Même si Wright a averti que les subventions à l’éolien et au solaire font grimper les prix de l’électricité et augmentent l’instabilité du réseau, il soutient les énergies alternatives. Il siège au conseil d'administration du développeur de petits réacteurs modulaires Oklo Inc., et sa société investit dans l'énergie géothermique et la technologie des batteries sodium-ion.
«Je ne suis pas ici pour protéger la part de marché du pétrole et du gaz», a-t-il déclaré lors d'un entretien avec Télévision Bloomberg. « Nous devrions agir de manière crédible, en s’appuyant principalement sur les forces du marché. Mais accorder des subventions à l’éolien et au solaire, qui représentent 3 % de l’énergie mondiale, ne modifiera pas de manière significative les émissions de gaz à effet de serre. Mais cela va faire grimper les prix de l’électricité.
Wright siège également au conseil d'administration d'EMX Royalty Corp., une société mondiale de redevances minières, selon la biographie de son entreprise.

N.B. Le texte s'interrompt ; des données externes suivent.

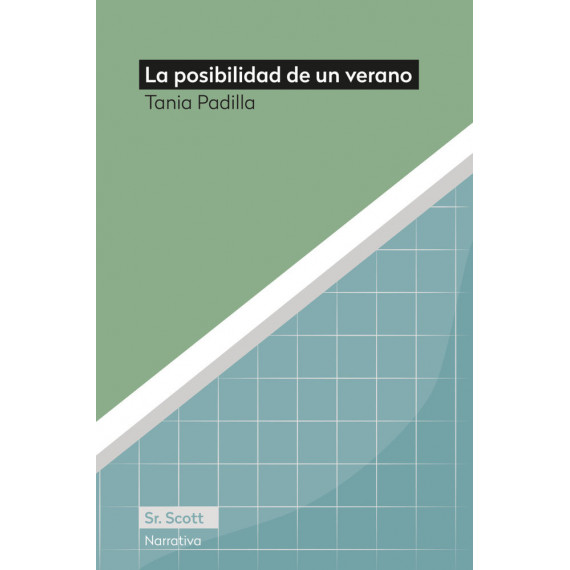 La posibilidad de un verano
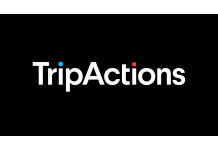 TripActions Launches Liquid in Europe as Its Super App Creates All-in-One Travel, Corporate Card, and Expense Management Solution 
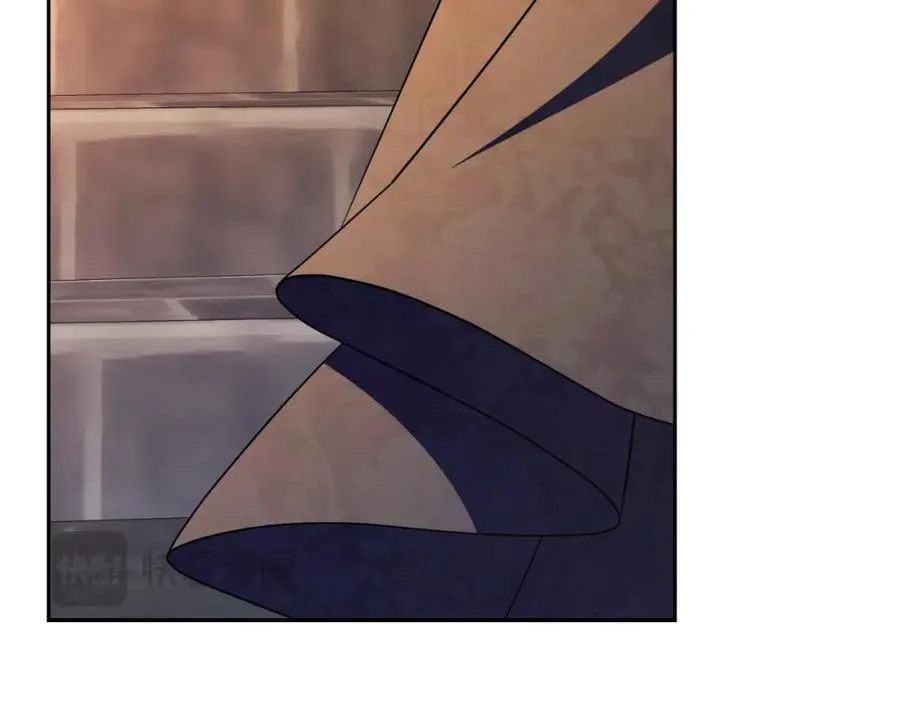 第47话 喜欢 第131页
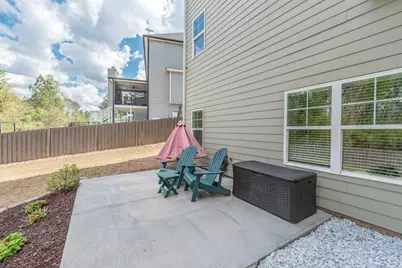 677 Tree Top Trail, Evans, GA 30809 - Photo 66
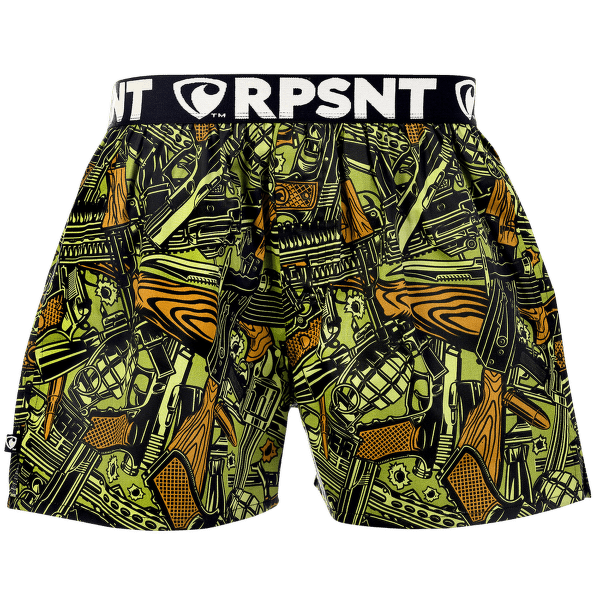 Trenky Represent EXCLUSIVE MIKE LEND LEASE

Trump a nommé Wright avec le soutien du président de Continental Resources, Harold Hamm, conseiller en énergie et donateur de Trump. Hamm a déclaré dans une interview avec la publication spécialisée Hart Energy, basée à Houston, que Wright était son choix pour le poste.
S’il est confirmé par le Congrès, Wright jouerait un rôle de premier plan dans la mise en œuvre par Trump de sa promesse électorale de déclarer une urgence nationale en matière d’énergie. Trump a déclaré qu’il contribuerait à augmenter la production d’énergie nationale – y compris pour l’électricité – qui, selon lui, est nécessaire pour répondre aux besoins croissants en énergie de l’intelligence artificielle.
Sous la première administration Trump, le ministère de l’Énergie a joué un rôle essentiel dans les efforts du président élu pour relancer l’énergie charbonnière aux États-Unis, une initiative qu’il a laissé entendre qu’il pourrait tenter à nouveau.
Wright superviserait également la promesse de Trump de reconstituer les réserves d’urgence de pétrole brut du pays. La réserve stratégique de pétrole, qui a une capacité de plus de 700 millions de barils, a atteint un niveau jamais vu depuis les années 1980, suite à la réduction sans précédent par l'administration Biden d'un montant record de 180 millions de barils à la suite de l'invasion de l'Ukraine par la Russie.
Le premier secrétaire à l'énergie de Trump, l'ancien gouverneur du Texas, Rick Perry, a appelé à la suppression complète de l'agence lors de sa campagne à la présidence au cours du cycle 2012. Il s’est ensuite excusé et s’est engagé à défendre l’agence « après avoir été informé de nombreuses fonctions vitales » qu’elle joue.